モルドレッドは元ピジョン騎士団の魔導師だ。
「わー!意地悪しないでください!私に教えさせてください!」
「初めからそう言え」
「うぅ・・・私の神としての尊厳がどんどん失われていきます」
役に立たないプライドなんて早めに捨てた方が楽だぞ。
俺は言葉には出さず、テレシアにそっと笑顔を向けた。
「とは言え、ルーク君は既に制限が解除された状態なので使い方は簡単です。魔力を集めて魔法名を言葉にする、それだけです」
「簡単な説明だな。
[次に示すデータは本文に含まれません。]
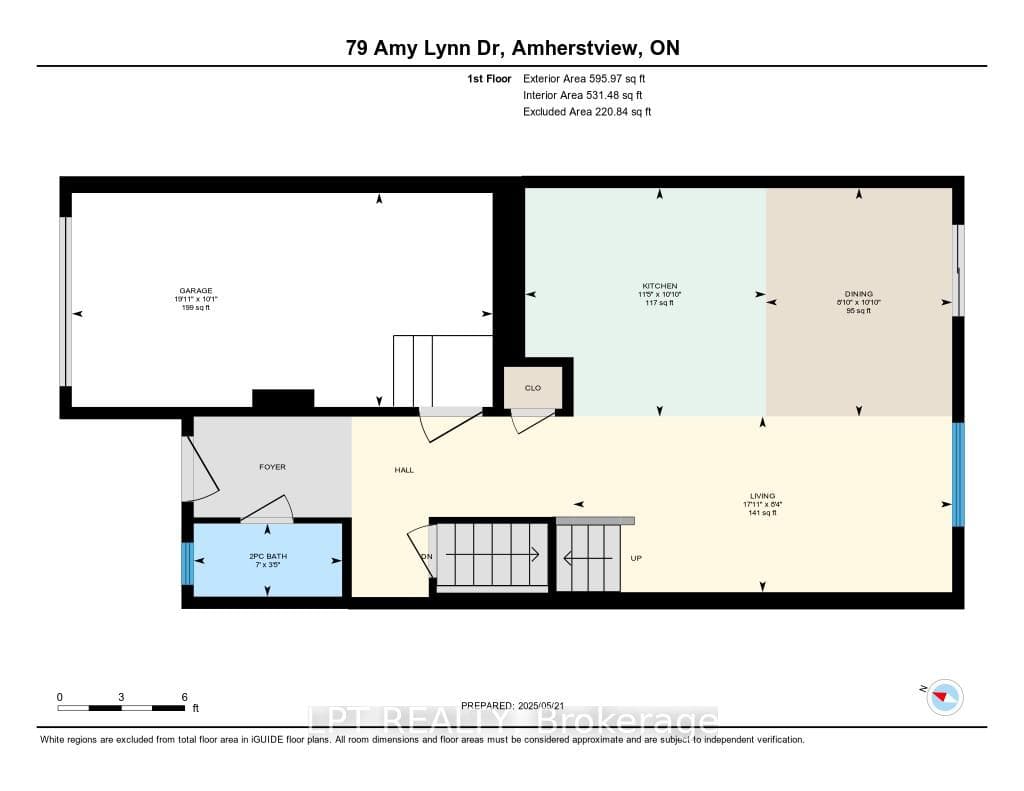 79 Amy Lynn Drive photo 34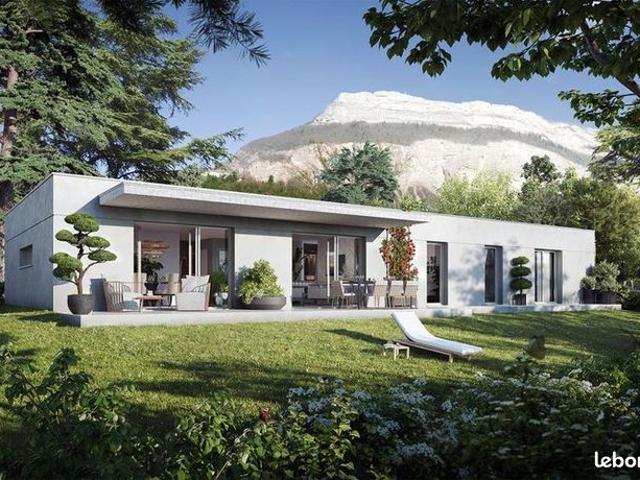 Appartement vente à Grenoble, Corenc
その魔力を集めると言うのはどうやるんだ。」
「以前、<星落とし>を使用した際には私がその部分を代行しました。今回は自分でやってみましょう!」
俺は半信半疑のまま準備を始める。
今までは父さんに魔法の使い方などを教わったことがあるが、
一切出来なかった。
ホントに使えるようになったのだろうか。
テレシアは珍しく俺にでかい顔が出来るからか、
ウキウキで準備している。
俺とテレシアは部屋のなかで、
1mほど離れて向かい合った。
「・・・まずは深呼吸して、お腹に力を入れてください」
俺は目をつむりテレシアの言うとおりにする。
ゆっくりと深呼吸。
「魔法は想像力がすべてです。ルーク君の右手から肩を通り左手へ、左手から脇腹を通って左足、そこから右足、最後は右手へ。魔力が体内を循環していると想像してしてください。」
指示通りにイメージを膨らませていく。
次第に温かいなにかが俺の身体の中に巡っているような感覚が出てくる。
なにかは俺の身体を円形に巡り、
その中心に熱を感じる。
「これ・・・」
「静かに。そのまま循環はどんどん早く、円が小さくなるイメージをしてください」
テレシアの言葉に従い集中を高める。
俺の中のなにかが、どんどん熱を帯びてくる。
「分かりますか?」
「あぁ」
「それが魔力です。ルーク君の身体の中にある力です」
「何て言うか、こう、すごいな」
ファンタジーな世界に転生してから数年。
ようやく俺も魔法が使えると言うことか。
「ここから魔法を使うにはどうすればいい?」
「あの時と同じです、魔法名を言葉にしてみてください」
あの時、と言うのは間違いなく俺が初めて魔法を使ったときだろう。
魔法名と言われ考えてみると胸の痣が少し熱くなったような気がした。
頭のなかに魔法の名前が浮かんでくる。
初めて知るはずの言葉なのに、なぜか昔から知っていたような気がする。
なんか不思議な感じだな。
<華炎>
「・・・っ!」
先程までとは比べられぬほどの熱を感じて目を開けると、
俺の目の前に炎が揺らいでいた。
俺は遂に、ファンタジーの世界に足を踏み入れたのだ。